Uma mulher vigorosa que lutou arduamente pela causa do deficiente físico foi Tânia Rodrigues, que desde os 3 anos, quando contraiu poliomielite e perdeu os movimentos dos braços e das pernas, passou a sentir as dificuldades que a sua família encontrava para realizar o seu tratamento. Até falecer ontem aos 75 anos, foi uma referência e uma batalhadora na luta pelas PCDs, sendo sepultada hoje (12) no Parque da Colina.
Médica e figura de destaque na defesa dos direitos das pessoas com deficiência, Tânia Rodrigues construiu uma trajetória pública marcada pela determinação e pelo compromisso social. A experiência precoce com a poliomielite não apenas moldou sua percepção sobre as barreiras impostas às PCDs, mas também direcionou toda a sua vida profissional e política.
Aos 23 anos, formou-se em Medicina pela Universidade Federal Fluminense (UFF), onde se especializou em Neurologia. Ao longo de sua carreira, acumulou formações voltadas à reabilitação e ao cuidado de pessoas com deficiência, sempre atuando de forma integrada entre assistência médica, políticas públicas e inclusão social.
Reconhecida por sua firmeza e sensibilidade, Tânia tornou-se referência no debate sobre acessibilidade e direitos civis, levando para a arena política as demandas de um público historicamente negligenciado. Sua atuação a transformou em símbolo de resistência e inspiração para pacientes, profissionais de saúde e ativistas do movimento das PCDs.
Trajetória política
A médica e ativista Tânia Rodrigues construiu uma das trajetórias mais emblemáticas da política niteroiense e fluminense ao transformar sua vivência pessoal com a deficiência física em um projeto público de defesa dos direitos das pessoas com deficiência (PCDs). Reconhecida pela atuação firme, pela capacidade de articulação e pela sensibilidade social, Tânia se tornou referência ao longo de décadas de vida pública.

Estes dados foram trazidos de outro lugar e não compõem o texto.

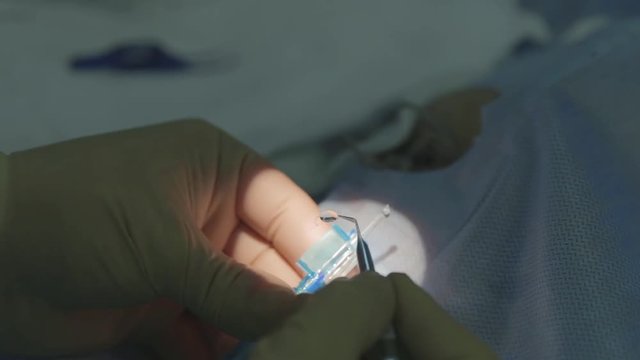 Folding IOL before implantation during cataract extraction operation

Sua entrada na política foi consequência natural de sua militância. Já conhecida pela atuação comunitária e pelo trabalho médico voltado à reabilitação e à inclusão, ela ajudou a fundar a Associação Niteroiense dos Deficientes Físicos (Andef), que se tornaria uma das mais importantes instituições de apoio às PCDs no estado do Rio de Janeiro. A entidade se consolidou como polo de promoção esportiva, reabilitação, formação profissional e integração social, ampliando o alcance da causa que ela sempre defendeu.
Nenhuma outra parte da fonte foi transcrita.